Having organized their internal administration, they turned towards territorial aggrandisement. They sometimes collided against the rulers of Malwa, Khandesh and Gujarat also, but their wars against the Hindu Rajas of Orissa, Vijayanagar and Warangal were almost intermittent. These wars were mainly inspired by the lust for power and religious fanaticism. Hindu Rajas dreamed of cleansing the Deccan of the rule of the mlechchhas. Hence they attacked the Bahmanids whenever an opportunity offered itself. Bahmani rulers, on the other hand, considered it a divine obligation to extend Islamic culture over the whole of the Deccan. Muslims were numerically far inferior to the Hindus. Hence a number of Bahmani rulers tried to raise the morale of their troops by raising the slogan of jihad. For the same reason, they indulged in senseless massacres of lakhs of Hindus. Hindus tried to avenge this wrong by retaliation. But Bukka I and Muhammad I came to an agreement that civilians should not be massacred.
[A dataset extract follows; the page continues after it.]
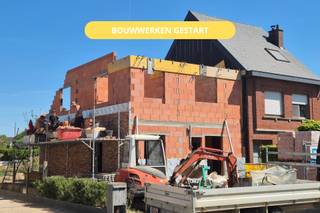<p><span>Deze energiezuinige halfopen nieuwbouwwoning in het rustige en aangename Wetteren Overbeke, is ideaal gelegen. Dankzij de vlotte verbinding ben je bovendien snel in het centrum van Wetteren en kunnen alle nodige voorzieningen gevonden worden. </span></p><p><span> </span></p><p><span>De woning wordt duurzaam en kwalitatief gebouwd met oog voor comfort, energiezuinigheid en toekomstgericht wonen. Moderne technieken, een doordachte indeling en een aangename tuin maken van deze woning een ideale thuis voor gezinnen of koppels die ruimte en kwaliteit zoeken.</span></p><p><span> </span></p><p><span>De woning krijgt volgende indeling: Via de inkomhal met gastentoilet betreed je de woning. De lichtrijke leefruimte sluit naadloos aan op de open keuken en biedt een mooi zicht op de tuin en het terras. Aansluitend is er een praktische berging/wasplaats met plaats voor technieken. Parkeren kan op eigen terrein, met de mogelijkheid tot het plaatsen van een carport.De nachthal geeft toegang tot drie volwaardige slaapkamers, een apart toilet en een ruime badkamer uitgerust met ligbad, inloopdouche en dubbel lavabomeubel.<br />Via een zolderluik is de zolder bereikbaar. Deze ruimte biedt extra opbergmogelijkheden of kan eventueel ingericht worden als bijkomende ruimte, mits verdere afwerking.</span></p><p><span> </span></p><p><span>Technische troeven op een rij</span></p><ul><li><span>Zeer gunstig EPC label (E-peil 30) </span></li><li><span>Lucht/water warmtepomp met vloerverwarming</span></li><li><span>Regenwaterput van 7.500 liter</span></li><li><span>Mogelijkheid tot het plaatsen van een carport (ca. 18 m²)</span></li></ul><p><span>Meer informatie gewenst? Neem contact op met Quinten van Immo Zone op 0485/02.48.04 of via <span>quinten@immo-zone.be</span></span><span> </span></p><p><span> </span></p>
Mahmud Gawan, the prime minister of Muhammad III, made a successful attempt to stem the rot in the kingdom and introduced a number of administrative reforms. He divided each Taraf into two parts so that the tarafdars may not grow inordinately powerful or rebellious. He reduced their powers and extended supervision by the centre. He reformed the administration of justice and reorganized the finances of the state. Provision was also made for public education. For the imposition of an equitable land tax, he ordered survey and measurement and classified land according to its yield. Local rent collectors were kept under proper control and all cases of corruption or exaction were suitably punished. This improved a lot of the peasants. The army was also reorganized. The net result of all these changes and reforms was that the central government gained power at the cost of local governors. Hence the latter became hostile to Gawan and organized a conspiracy to secure his murder on a faked charge of treason. The foolish monarch signed the death-warrant of Gawan and thereby of his own dynasty. The Bahamani ruler was soon set aside and the kingdom got divided into five independent principalities- Berar, Bidar, Golconda, Bijapur and Ahmadnagar.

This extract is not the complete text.